蛍光色素が光を吸収すると、その電子が励起され、基底状態（図8AのS₀）から電子励起一重項状態（S₂, excited electronic singlet state）①と呼ばれる最大エネルギーレベルに遷移します。 この遷移に必要なエネルギーの量は、蛍光色素ごとに異なります。 この励起状態の寿命は蛍光色素に依存し、通常1～10ナノ秒持続します。 次いで、蛍光色素は構造変化を起こし、電子が電子緩和一重項状態（S₁, electronic singlet state）と呼ばれる、より安定なエネルギーレベルに低下し、吸収したエネルギーの一部は熱として放出されます②。 その後、電子は残りのエネルギー（E_Emission）を蛍光③として放出して、基底状態（S₀）に戻ります。 このサイクルは蛍光色素の分子一つ当たり数千回繰り返すことが可能あり、結果としてシグナルを増幅することができます。また、励起極大と蛍光極大の波長の差はストークスシフトと呼ばれます（図8B）。

図8.ストークスシフト(Stokes shift)
A：励起時に、蛍光色素中の電子は基底状態S₀から励起された電子励起一重項状態S₂に移行①します。 その後、いくらかのエネルギーは熱として放出されます②。残りのエネルギーは蛍光として放出され③、電子が基底状態S₀に戻ります。
B：励起波長の極大Ⓐとの蛍光波長の極大Ⓒとの間の差Ⓑ は、蛍光色素のストークスシフトと呼ばれます。

蛍光は、励起光よりも低いエネルギーを持ちます。 したがって、どのような蛍光色素であってもその蛍光波長は、励起波長よりも長波長となり、そのため異なる色となります。これらの波長によって蛍光測定における蛍光色素の有用性が決まります。蛍光測定では蛍光に対する励起光の漏れ込みをできるだけ抑制する必要がありますが、ストークスシフトの大きな蛍光色素ほど漏れ込みを抑制しやすくなります。

励起光の波長は、とても重要です。 例えば、フルオレセインイソチオシアネート（FITC）は、400～530nmの光を吸収しますが、最も効率的に吸収するのは波長のピークまたは最大吸収である490nmです。 より多くの光子が吸収されるほど、蛍光がより強くなるので、吸収の最大値で蛍光色素を励起することが望まれます。 最大の吸収および蛍光の波長は、極大吸収波長(maximal absorbance wavelengths)および極大蛍光波長(maximal emission wavelengths)と呼ばれます。
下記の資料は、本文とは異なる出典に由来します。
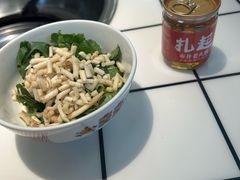 -扎起市井老火锅(乐山总店)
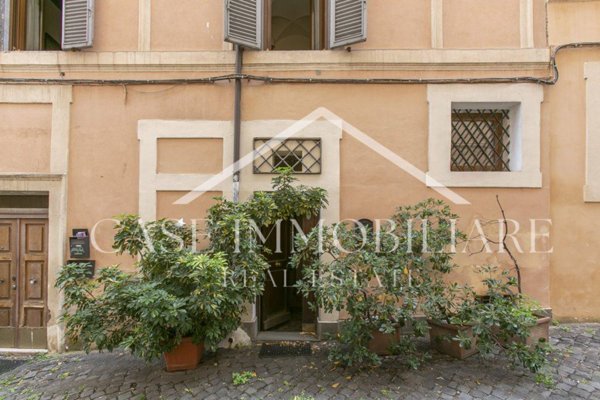 appartamento in vendita a Roma in zona Rione Monti/Campitelli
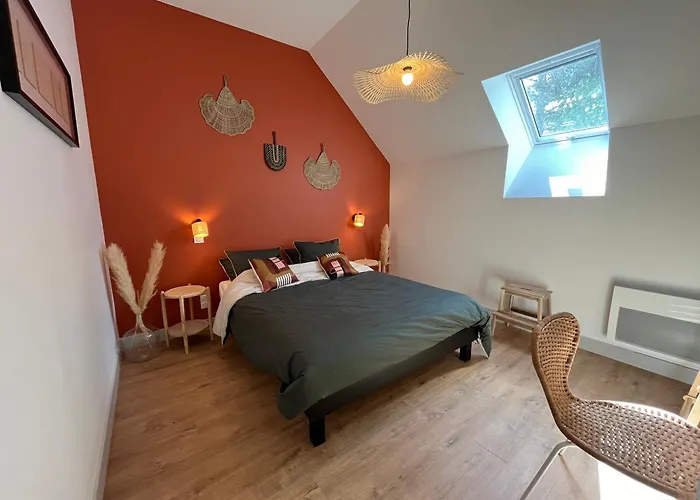 Belle Maison Au Calme Avec Parking Сasa de vacaciones *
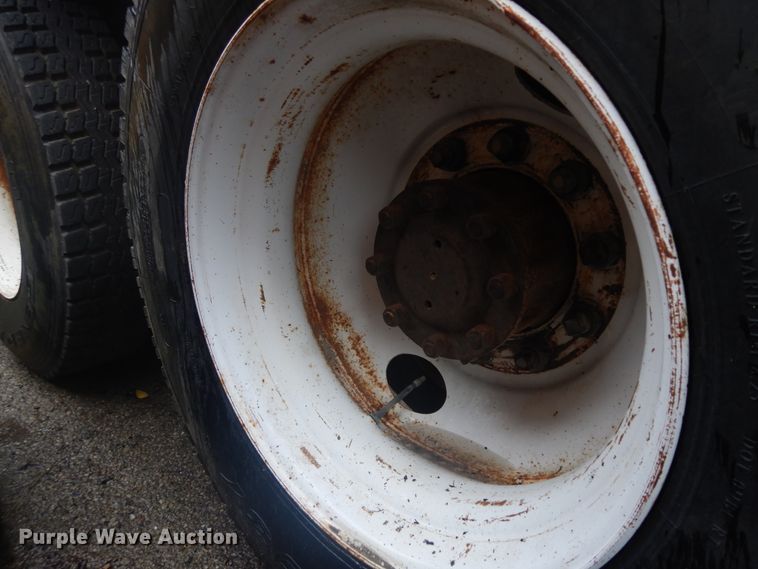 image for item KU9142 1996 Ford L9000  vacuum truck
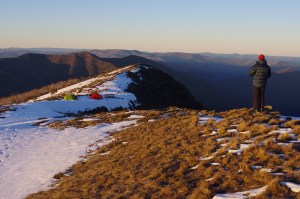 Even in late spring, the southern slopes can hold good snow, long after its burnt off on the summit ridge.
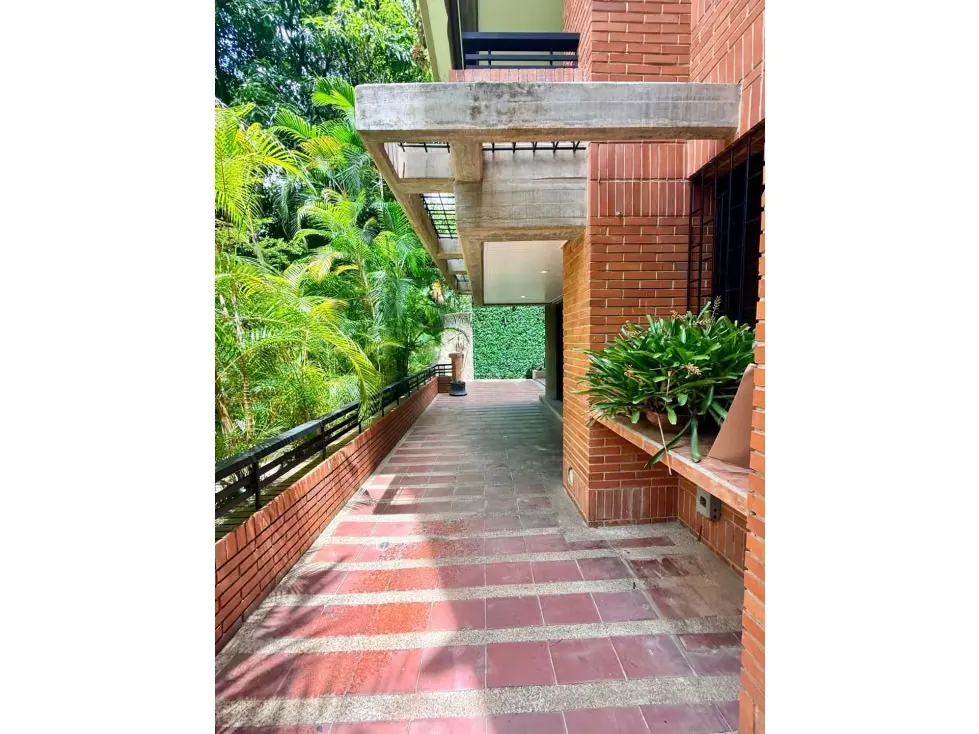 Se alquila PB 275m2 3H+S/3.5B/3P Sebucan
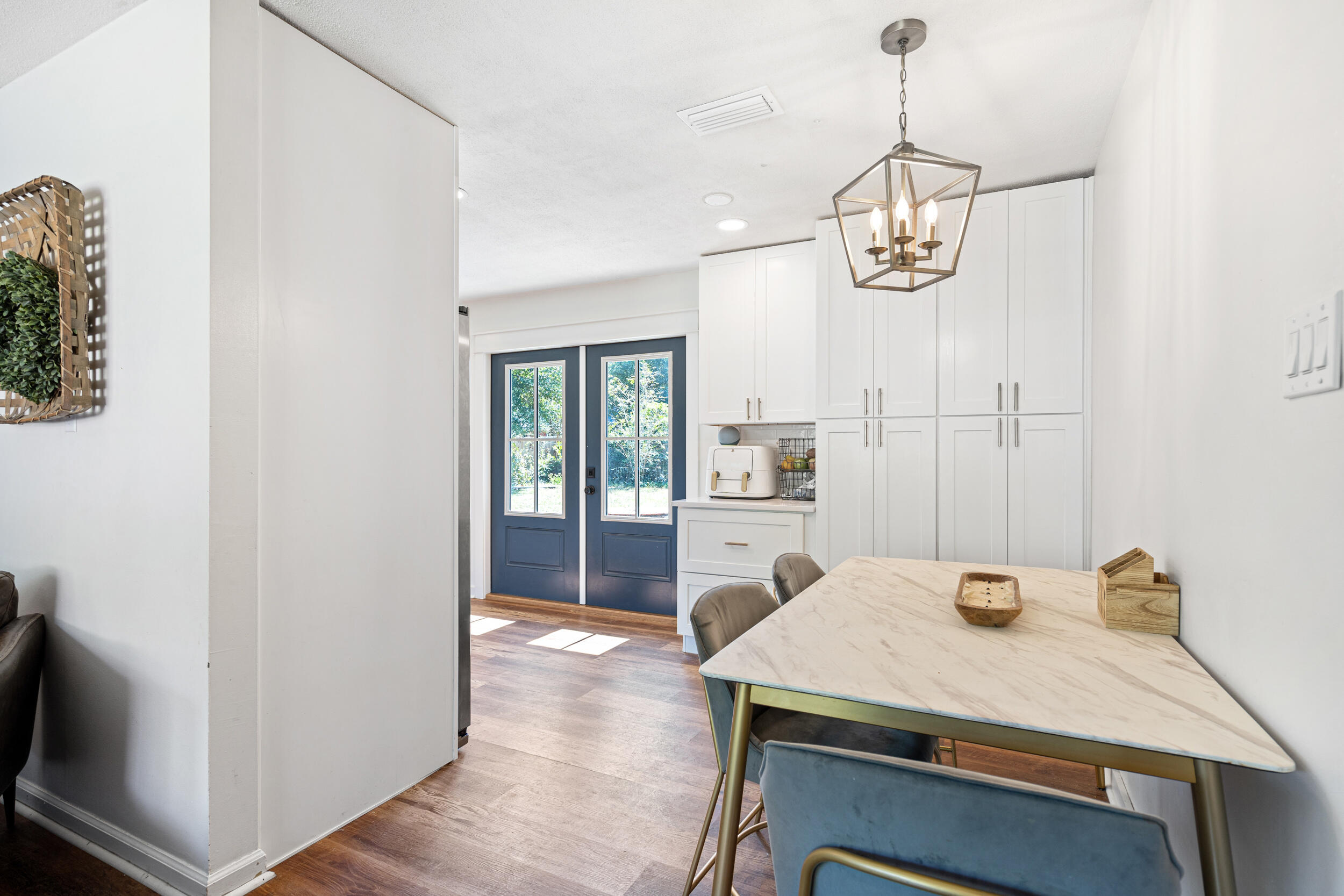 CAROL ANNE MANOR - Residential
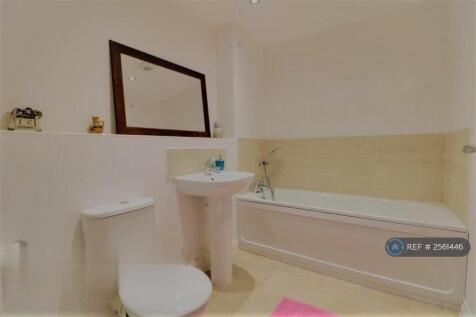 1st Floor Bathroom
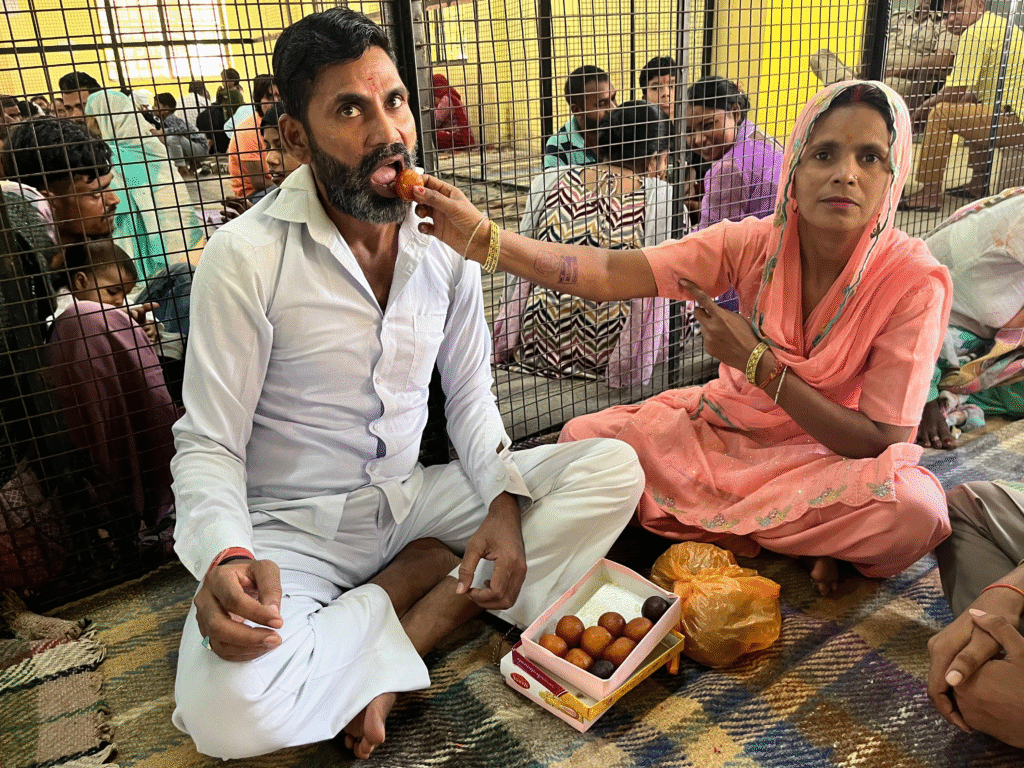 सहारनपुर जिला कारागार में भाई दूज पर बंदी भाइयों से बहनों की मुलाकात के लिए विशेष व्यवस्था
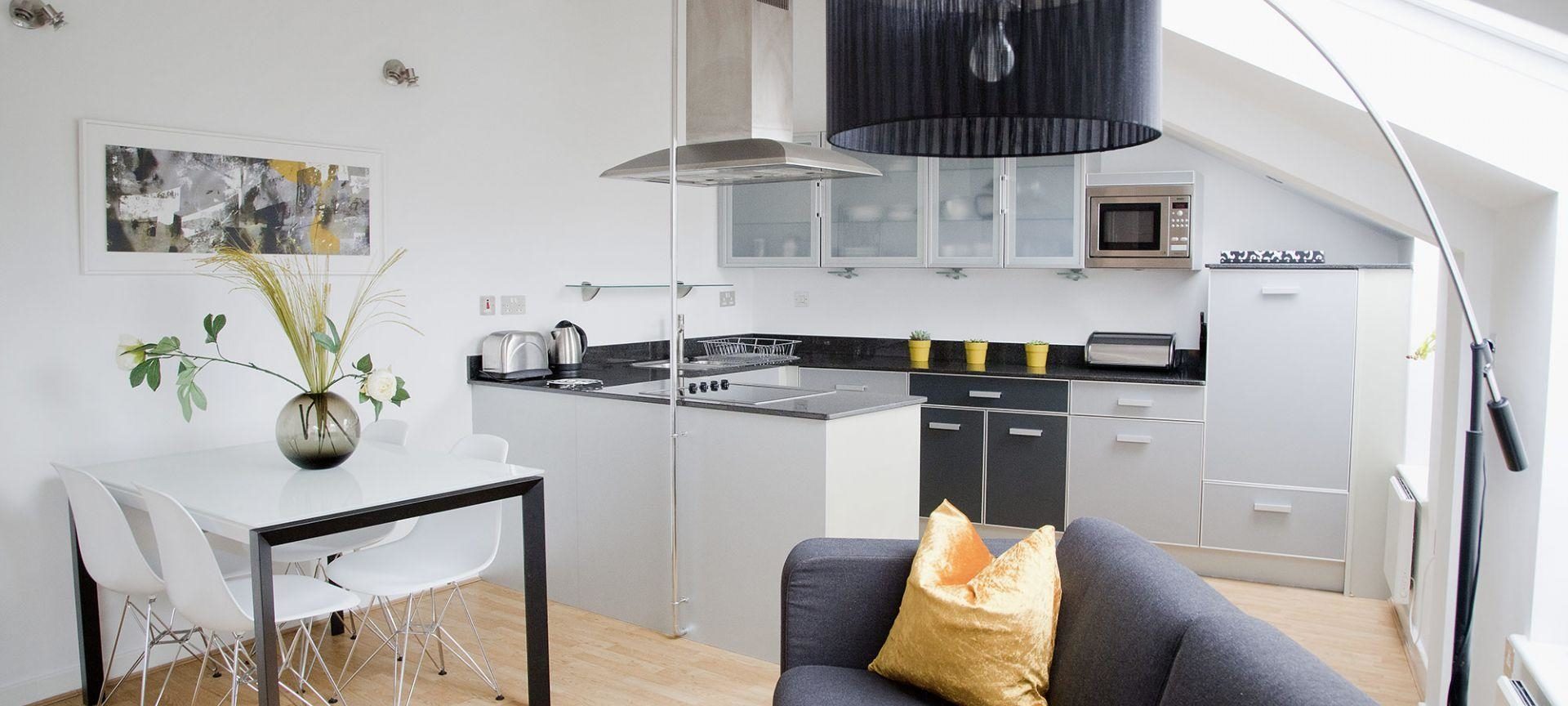 Regent House – deluxe 2 bedroom apartment – photo 4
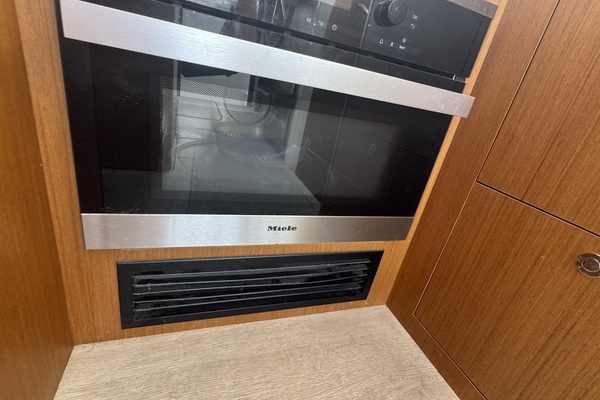 Blessed 35ft Beneteau Yacht For Sale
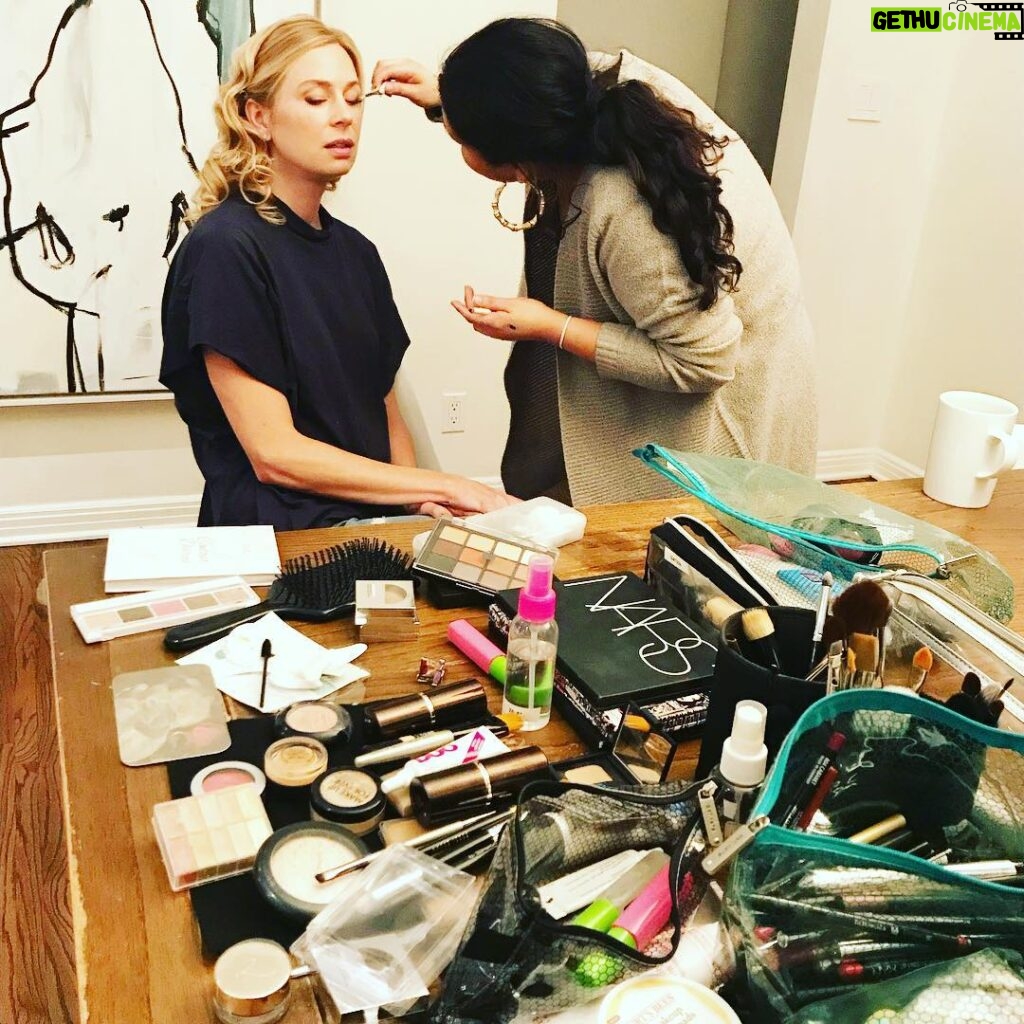 Anne Dudek Instagram - Getting ready for the #corporate premiere tonight with @msruthiemakeup . Very excited to see everybody!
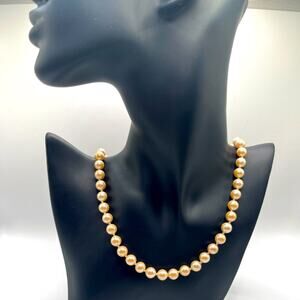 Vintage Monet faux pearl necklace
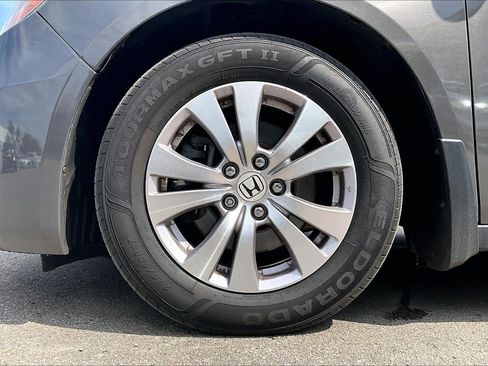 Used 2021 Chrysler Pacifica Touring-L FWD image 8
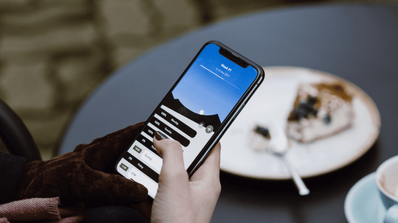 persona con un movil
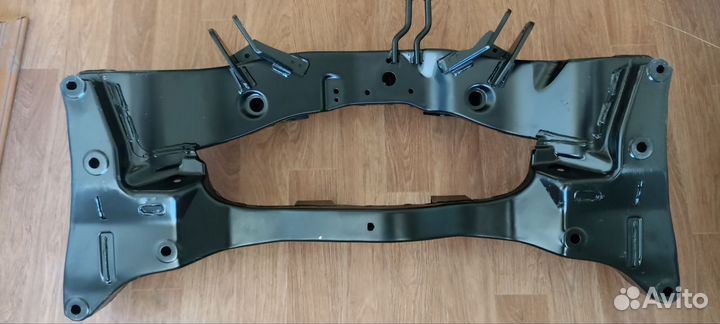 Подрамник Mitsubishi Outlander 1 MR961172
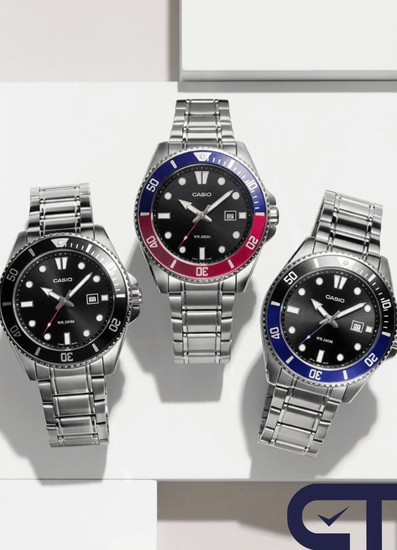 Casio MDV-107D-1A3 часы наручные мужские — красно-синий безель, стальной браслет и WR200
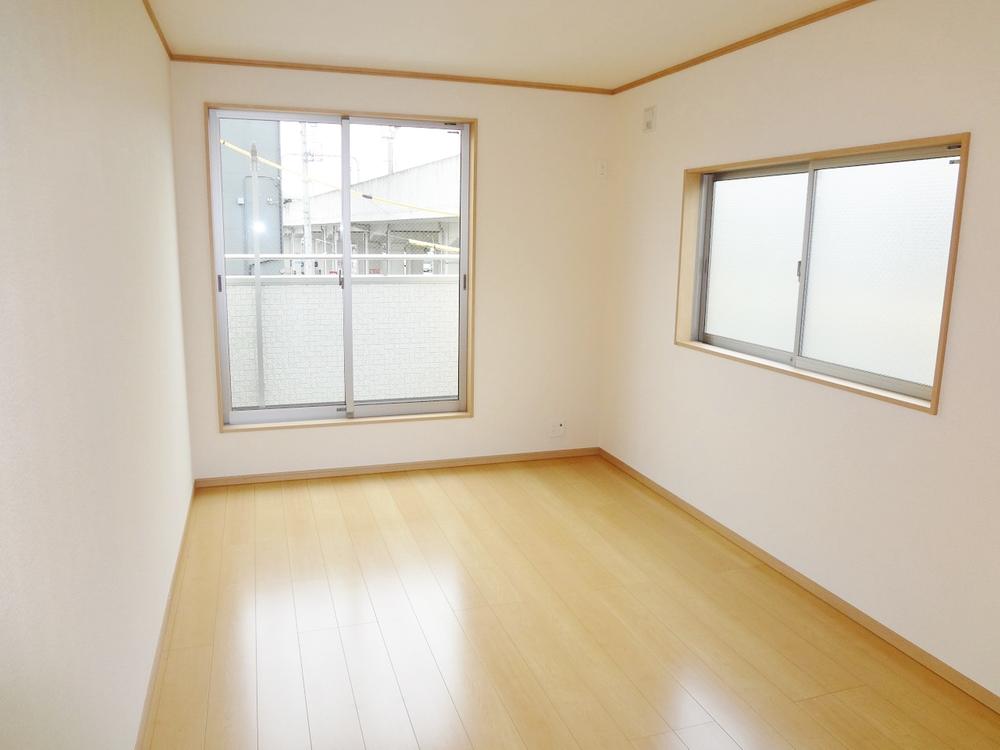 Non-living room. Indoor (11 May 2013) Shooting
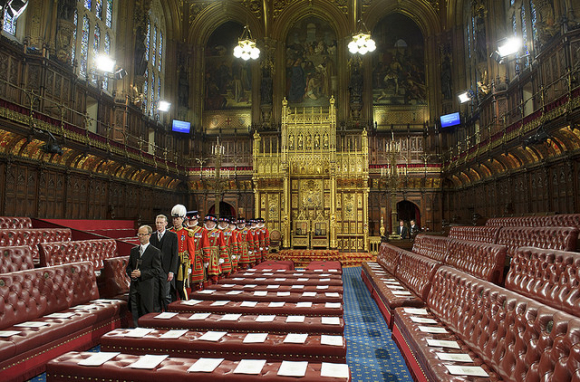 La Cámara de los Lores suele sufrir goteras / Roger Harris-House of the Lords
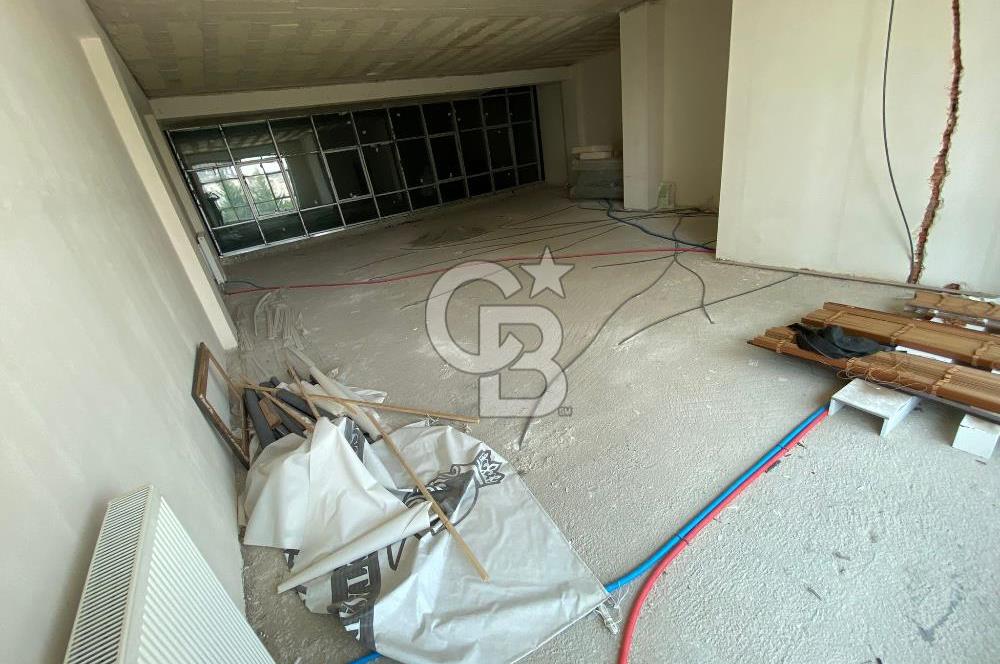YAŞAMKENTDE CADDEYE CEPHE TABELA DEĞERİ YÜKSEK KİRALIK DÜKKAN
図9.スペクトルプロファイル(Spectral profiles)
フルオレセインイソチオシアネート（FITC）の励起および蛍光スペクトル

蛍光色素の最大吸光波長により、どのレーザー光源を励起に使用するのが最適であるかを判断します。 FITCの場合、その最大吸光度は青色スペクトル内にあります。それのため、一般的にFITCの励起には490nmのFITCの吸光度ピークに近い青色の488nmレーザーが使用されます。 FITCは475～650nmの蛍光を発し、緑色スペクトル内の525nmにピークがあります。 どのようにフローサイトメーターをセットアップするかによって、蛍光色素がどのように検出されるかが決まります。 フィルターを使用してチャネルA（図9）を介して、極大蛍光波長以外の光をすべてブロックした場合、FITCは緑色に見えます。

機器の設定で見え方が決まる(Setup determines perception)

FITC蛍光がチャネルB（図9）でだけ検出された場合、強度がはるかに弱いオレンジ色として観察されます。 このように、発せられた光をどのように測定するかにより、蛍光色素がどのような色として観察されるかが最終的に決まります。 励起光と蛍光の色は異なるので、光学フィルターを使用して色を分離することができます。